ANIMITAS

Un texto de José Donoso


Dicen que en otros países, en Grecia, en Bolivia, también existen con iguales características que las nuestras. Pero así, benignas y en diminutivo, como tantos vocablos chilenos, la palabra tiene una curiosa aceptación entre nosotros: nuestras animitas son modestos santuarios populares, pequeñas casitas-altares de menos de medio metro de altura, torpemente construidos de ladrillo y mezcla, que a veces vemos al borde del camino, casi como al filo del olvido. Junto a ellas, de noche, arden velas, y de día se marchitan flores en viejos envases colocados sobre el suelo manchado de negro de humo y cerote. Pasa el viento nocturno y tiemblan y se apagan las velas, que a la noche siguiente otra mano piadosa vuelve a encender si quedan restos de pábilo, o a rayo de sol se calcinan las flores que después la lluvia barre.

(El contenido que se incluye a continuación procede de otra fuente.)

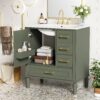 30" Bathroom Vanity With Sink And Ample Storage - Olive Green - Image 5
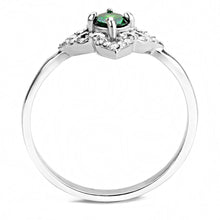 DA168 - High polished (no plating) Stainless Steel Ring with AAA Grade CZ  in Emerald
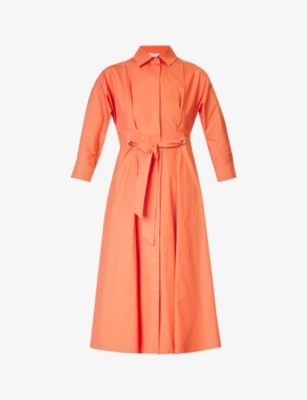 Max Mara Flavio Button-front Belted Midi Dress In Peach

Pero llovida y calcinada, la animita permanece en su lugar, porque está amarrada a él, esperando a otros devotos, otro día, o quizá otro año. Estos santuarios que evocan a las ánimas del purgatorio que se quedaron rondando nuestra vida –"... our little life is rounded by a sleep", dice Shakespeare en La tempestad –, se alzan en lugares donde ocurrió una muerte violenta, por accidente o por asesinato.



Pero las animitas, aunque conmemoren violencia y tragedia, no infunden temor. Son presencias buenas, tutelares, que interceden ante el Dios de los pobres para que conceda a los solicitantes -a veces familiares del muerto, o en el caso de animitas de prestigio aquellos que creen en su eficacia- los favores que se les pide si se acude al lugar donde perdieron la vida para rezarles un avemaría o encenderles una vela: un lugar, un nombre, a veces ni siquiera eso, una historia casi olvidada, pero la difusa y tenaz memoria popular conserva el sitio, lo hace legendario y lo dota de poderes.
Nuestras animitas son sobrios santuarios del recuerdo que encienden apenas una chispita de pensamiento al pasar, humildes súplicas a la eternidad que todos sabemos no cederá su secreto: sin embargo, el pueblo justiciero se aferra a la memoria, y no pierde su fe en que aquellos que cayeron víctimas de la violencia cayeron con algún propósito, para algo, y así conservan gran derecho y autoridad. De trecho en trecho, a la entrada de las ciudades, aparecen animitas milagrosas que a medida que se va cerrando la noche arden con una luz, más endeble, pero más elocuente que el fulgor de la metrópoli en el horizonte.


En los días cercanos a las fiestas de este fin de año, mientras la ciudad empobrecida enciende la electricidad de sus árboles navideños comerciales, tengo la curiosa sensación de que el número de animitas parece haberse multiplicado. En los caminos, en las poblaciones y barriadas, los allanamientos han hecho que manos anónimas las erijan por todas partes, y el desconocido que perdió allí su vida al huir por una esquina oscura que no lo ocultó, o al caer con una bala al borde de una calle, muertes todas éstas que los periódicos callaron, tendrá, en algunos casos, su pequeño santuario frágil y pasajero, cuya luz durará tanto como dure el recuerdo familiar o amigo, antes que sus compañeros se muden a otros barrios o también caigan, o que los años o el temor a las balas perdidas en la oscuridad o la miseria dispersen a la familia.Las animitas no son sólo un fenómeno de nuestras carreteras y barriadas: las hay urbanas, que miran el Pacífico desde los cerros sobrepoblados de Valparaíso, o en las plazas de los pueblos. En el centro mismo de Santiago, en las calles más concurridas y populares alrededor de la Estación Central, está el famoso Romualdito. Estas calles, durante las fiestas de este año, se ven invadidas de ansiosos comerciantes ambulantes que poco menos que ruegan a la muchedumbre que les compren unos calcetines de Taiwán, un feo juguete de plástico, un atado de matico para infusiones que curarán el dolor de muelas o la pena. Cada tanto rato, la policía hace una batida contra esta nube hormigueante como de zoco, dispersándola porque se trata de comerciantes sin licencia -se habló incluso de multar a quienes les compraran-, pero al poco rato vuelve a instalarse la nube como de moscas, plañideros, insistentes, angustiosos, ofreciendo sus pobres mercancías.